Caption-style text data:
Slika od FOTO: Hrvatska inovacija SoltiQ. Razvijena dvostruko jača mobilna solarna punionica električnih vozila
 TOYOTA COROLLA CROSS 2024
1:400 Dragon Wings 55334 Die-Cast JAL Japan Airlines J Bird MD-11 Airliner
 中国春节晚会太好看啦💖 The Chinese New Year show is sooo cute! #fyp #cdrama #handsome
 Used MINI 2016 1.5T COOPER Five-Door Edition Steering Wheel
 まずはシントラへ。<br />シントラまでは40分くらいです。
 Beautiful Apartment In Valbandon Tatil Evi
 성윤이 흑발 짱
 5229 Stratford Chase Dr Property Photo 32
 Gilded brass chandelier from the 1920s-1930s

Directions for this task:
Please retype the data, matching it exactly.

Result of the task:
Slika od FOTO: Hrvatska inovacija SoltiQ. Razvijena dvostruko jača mobilna solarna punionica električnih vozila
 TOYOTA COROLLA CROSS 2024
1:400 Dragon Wings 55334 Die-Cast JAL Japan Airlines J Bird MD-11 Airliner
 中国春节晚会太好看啦💖 The Chinese New Year show is sooo cute! #fyp #cdrama #handsome
 Used MINI 2016 1.5T COOPER Five-Door Edition Steering Wheel
 まずはシントラへ。<br />シントラまでは40分くらいです。
 Beautiful Apartment In Valbandon Tatil Evi
 성윤이 흑발 짱
 5229 Stratford Chase Dr Property Photo 32
 Gilded brass chandelier from the 1920s-1930s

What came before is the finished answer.